- _PROBLEM TO WORK ON_
Without the images, output every record exactly as it appears.

- _PROVIDED MATERIAL_
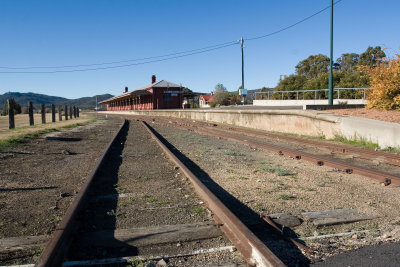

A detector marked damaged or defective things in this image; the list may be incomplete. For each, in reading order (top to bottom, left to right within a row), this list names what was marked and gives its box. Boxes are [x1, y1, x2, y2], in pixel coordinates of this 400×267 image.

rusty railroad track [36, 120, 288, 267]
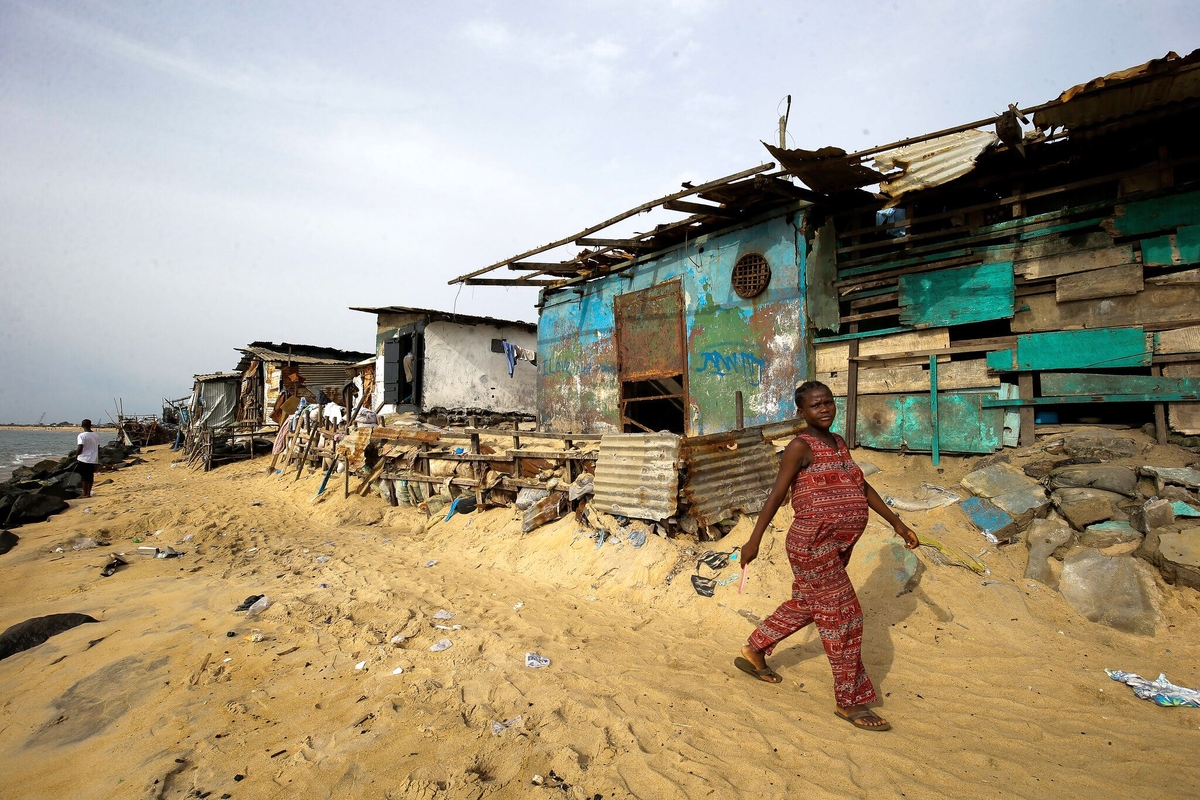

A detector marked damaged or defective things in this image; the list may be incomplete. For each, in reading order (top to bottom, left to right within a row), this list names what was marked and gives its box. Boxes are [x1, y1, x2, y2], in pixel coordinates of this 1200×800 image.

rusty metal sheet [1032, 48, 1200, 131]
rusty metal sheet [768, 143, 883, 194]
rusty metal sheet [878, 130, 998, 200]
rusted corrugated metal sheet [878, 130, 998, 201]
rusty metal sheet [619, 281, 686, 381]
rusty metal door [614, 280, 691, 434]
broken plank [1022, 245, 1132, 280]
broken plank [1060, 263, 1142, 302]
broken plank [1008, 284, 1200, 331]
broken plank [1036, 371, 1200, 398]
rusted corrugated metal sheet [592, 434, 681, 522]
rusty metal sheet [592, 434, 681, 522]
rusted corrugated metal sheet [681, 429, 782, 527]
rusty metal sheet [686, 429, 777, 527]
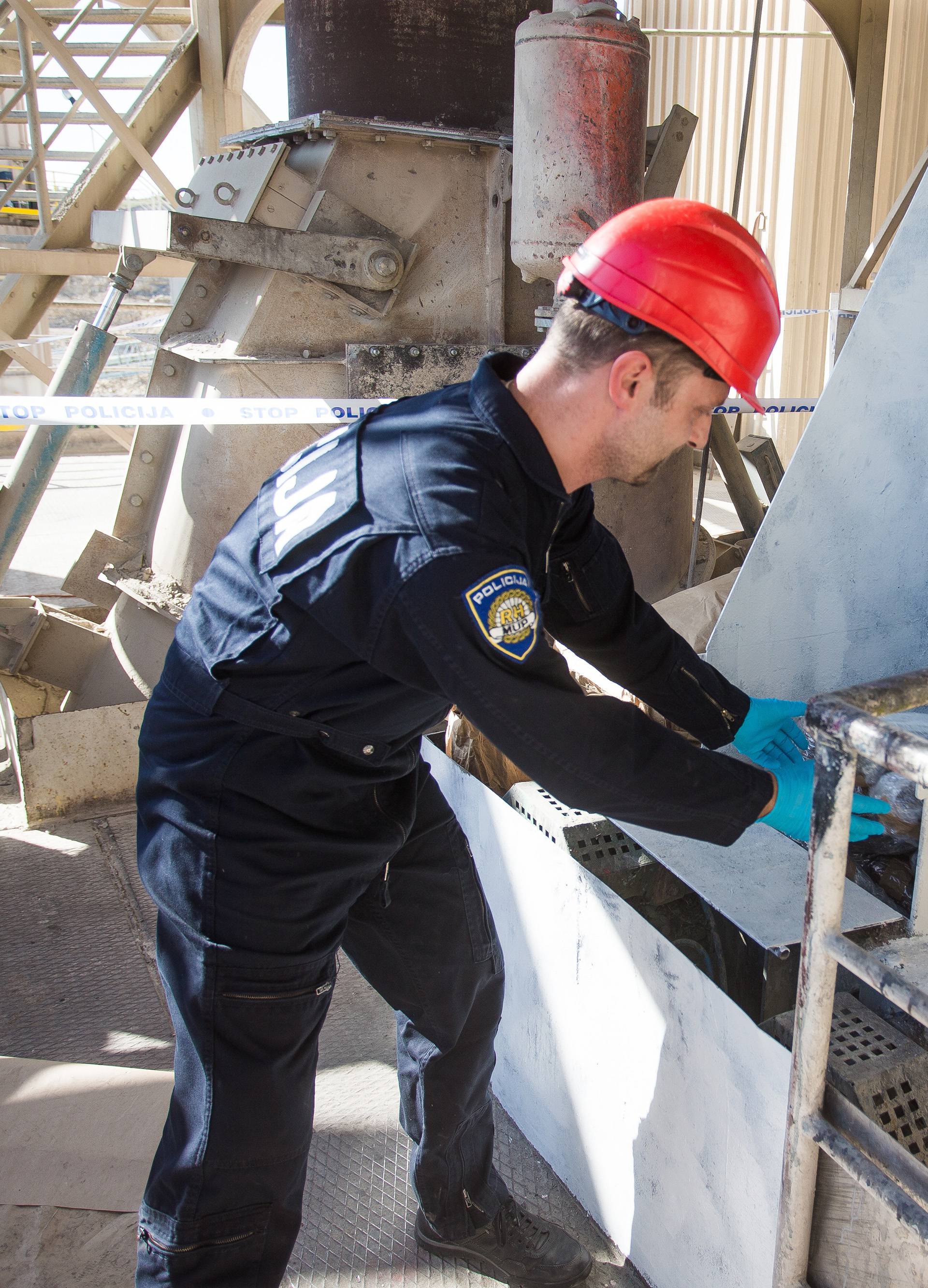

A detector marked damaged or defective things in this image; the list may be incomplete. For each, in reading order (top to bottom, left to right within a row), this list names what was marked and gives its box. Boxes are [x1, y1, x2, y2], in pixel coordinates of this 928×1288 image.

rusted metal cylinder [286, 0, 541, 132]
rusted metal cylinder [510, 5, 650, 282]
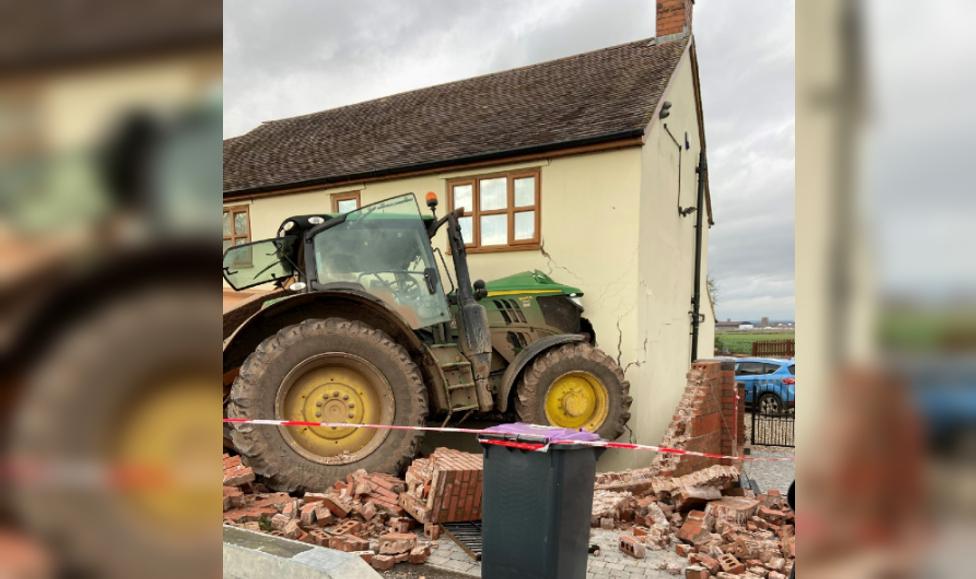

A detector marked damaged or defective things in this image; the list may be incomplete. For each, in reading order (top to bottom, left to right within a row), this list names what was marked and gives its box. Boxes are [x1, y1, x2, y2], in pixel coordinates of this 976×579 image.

- _EXERCISE RESULT_
A detector marked damaged or defective things in this image; the list may be incomplete. For each, in reading order (top to bottom, left to right within a row), this list names what was marked and gives its box. Boxes are [x1, y1, x2, y2], in pixel coordinates of this 400×267 image.

rusty railroad track [36, 120, 288, 267]

A detector marked damaged or defective things in this image; the list may be incomplete. For each, in reading order (top to bottom, left to right within a row), this list names what was marked and gives its box. Boxes are [x1, y1, x2, y2], in pixel coordinates of this 1200×800 image.

rusty metal sheet [1032, 48, 1200, 131]
rusty metal sheet [768, 143, 883, 194]
rusty metal sheet [878, 130, 998, 200]
rusted corrugated metal sheet [878, 130, 998, 201]
rusty metal sheet [619, 281, 686, 381]
rusty metal door [614, 280, 691, 434]
broken plank [1022, 245, 1132, 280]
broken plank [1060, 263, 1142, 302]
broken plank [1008, 284, 1200, 331]
broken plank [1036, 371, 1200, 398]
rusted corrugated metal sheet [592, 434, 681, 522]
rusty metal sheet [592, 434, 681, 522]
rusted corrugated metal sheet [681, 429, 782, 527]
rusty metal sheet [686, 429, 777, 527]

A detector marked damaged or defective things in this image; the list may be incomplete. For each, in reading order (top to bottom, left to right within a row), this list names what was marked and gives its box. Boxes are [x1, y1, x2, y2], in pixel coordinates of this 928×1288 image.

rusted metal cylinder [286, 0, 541, 132]
rusted metal cylinder [510, 5, 650, 282]

A detector marked damaged or defective things in this image; the list may be incomplete. For each, in reading order (top to bottom, left to right within a row), this list names what was marked and gives its box. Boxes are [x1, y1, x2, y2], in pixel coordinates of this 976×579 image.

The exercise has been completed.